SOURCE: Russell Breweries Inc.

Russell Breweries Inc.

May 07, 2014 13:56 ET

Russell Breweries Inc. Announces Completion of Portion of Non-Brokered Private Placement

VANCOUVER, BC--(Marketwired - May 07, 2014) -

THIS NEWS RELEASE IS INTENDED FOR DISTRIBUTION IN CANADA ONLY AND IS NOT AUTHORIZED FOR DISTRIBUTION TO UNITED STATES NEWSWIRE SERVICES OR FOR DISSEMINATION IN THE UNITED STATES

Russell Breweries Inc. (TSX VENTURE: RB) (the "Company") is pleased to announce that it has completed the first tranche of its non-brokered private placement (the "Private Placement") of common shares of the Company (the "Shares") previously announced on March 20, 2014. Under the Private Placement, the Company issued and sold 7,083,333 Shares for aggregate gross proceeds of $424,999.98. 

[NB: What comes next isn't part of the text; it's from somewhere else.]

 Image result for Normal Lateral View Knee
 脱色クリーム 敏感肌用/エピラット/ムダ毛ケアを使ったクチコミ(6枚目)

The Shares issued pursuant to the Private Placement are subject to a hold period of four months and one day from the closing date.

On the basis that one of the subscribers of the Private Placement, Benjamin Li Yu, is a director and interim CEO of the Company, the sale and issuance of 1,666,666 Shares to Mr. Yu is a "related party transaction" within the meaning of Multilateral Instrument 61 101 ("MI 61 101"). 

In conducting their review and approval process with respect to the sale and issuance of 1,666,666 Shares to Mr. Yu, the board of directors of the Company determined that the distribution of an information circular to shareholders, the preparation and distribution of a formal valuation and the seeking of shareholder approval for, and in connection with, the such sale and issuance of Shares is not necessary under MI 61 101 because:

(a) for the purposes of Sections 5.5(a) and 5.7(1)(a) of MI 61 101 the board of directors of the Company determined, in good faith, that the fair market value of such Shares will not exceed 25% of the market capitalization of the Company, and on that basis the proposed sale and issuance of such Shares falls within an exemption from the formal valuation requirement of Section 5.4 of MI 61 101 and from the minority shareholder approval requirement of Section 5.6 of MI 61 101; and

(b) the disinterested directors of the Company (i.e., those other than Mr. Yu) have all approved such sale and issuance of Shares.

Mr. Yu owned or controlled 0.2% of the issued and outstanding Shares prior to the closing of the first tranche of the Private Placement. Following the closing of the first tranche of the Private Placement, Mr. Yu owns or controls 2.2% of the issued and outstanding Shares.

About Russell Breweries Inc.

Russell Breweries Inc. is a leading Western Canadian brewer. It brews, markets, sells and distributes a diverse portfolio of award-winning beers that are produced by its wholly-owned regional breweries: Russell Brewing Company in British Columbia and Fort Garry Brewing Company in Manitoba. Both breweries are dedicated to producing high-quality, flavourful ales and lagers. Russell Breweries Inc. is publicly listed on the TSX Venture Exchange (TSX VENTURE: RB).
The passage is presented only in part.